The GOP leadership of the Oversight Committee has published ‘The Consumer Financial Protection Bureau's Threat to Credit Access in the United States,’ which accuses the agency of doing more harm than good to American consumers while being influenced by White House politics.

‘With unprecedented power and no accountability, the CFPB could wreak havoc on credit access for millions of Americans,’ says Rep. Darrell Issa, R-Calif., the committee's chairman. ‘It is also troubling that the White House has attempted to influence policy at a supposedly independent agency.

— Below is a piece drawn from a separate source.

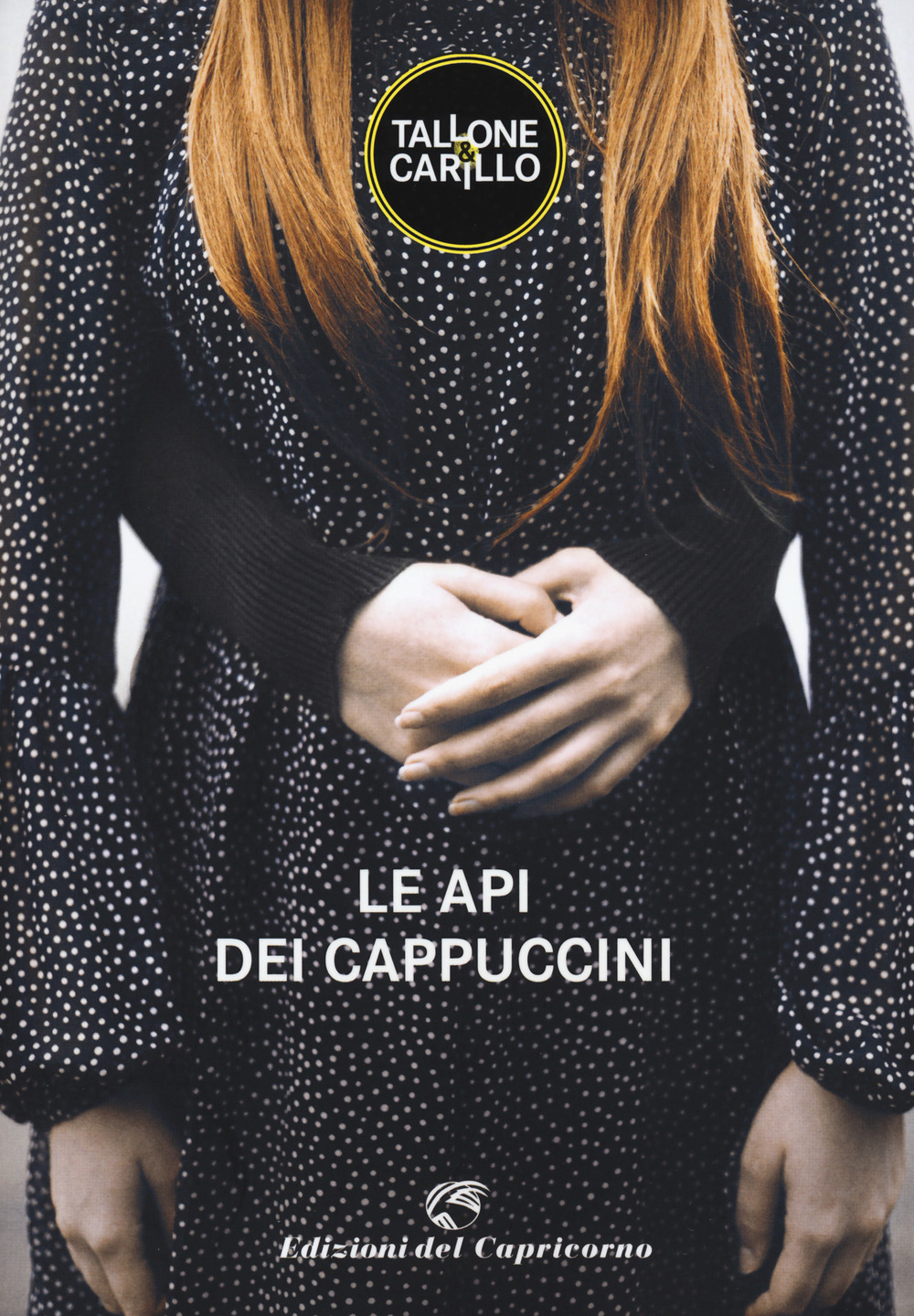 Le api dei cappuccini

For the foreseeable future, continued congressional oversight of this new agency will be necessary to ensure that the CFPB does not reduce credit access and that the CFPB's broad unchecked powers are not exploited for the administration's partisan agenda.’

The report calls into question the ‘controversial and legally questionable selection’ of Richard Cordray as CFPB director. Cordray received a presidential recess appointment on Jan. 4, although the Congress was still in a pro forma session. The report stresses that the nature of the Cordray mission appointment signals the White House's attempt to politicize the agency's focus.

‘The CFPB's apparently close relationship with the Obama administration has allowed the White House to attempt to use the bureau to further its partisan agenda,’ says the report. ‘These circumstances, and the manner in which the bureau has begun to exercise its authority, suggest that the CFPB will become a run-away regulator unlike any other in American history.’

The question of the Cordray appointment has percolated throughout they year. In April, Judicial Watch, a conservative public interest group that advocates transparency in government, released the contents of CFPB internal memos in which Cordray recognized the potential for a court challenge to his appointment.

The Cordray appointment is also the subject of an ongoing lawsuit filed by State National Bank of Big Spring, Texas, and the conservative advocacy groups Competitive Enterprise Institute and the 60 Plus Association. A separate legal challenge is underway regarding another set of presidential recess appointments made on Jan. 4, in which President Obama filled three vacancies on the National Labor Relations Board, though it is unclear whether a potential ruling against those appointment, would also invalidate the Cordray appointment.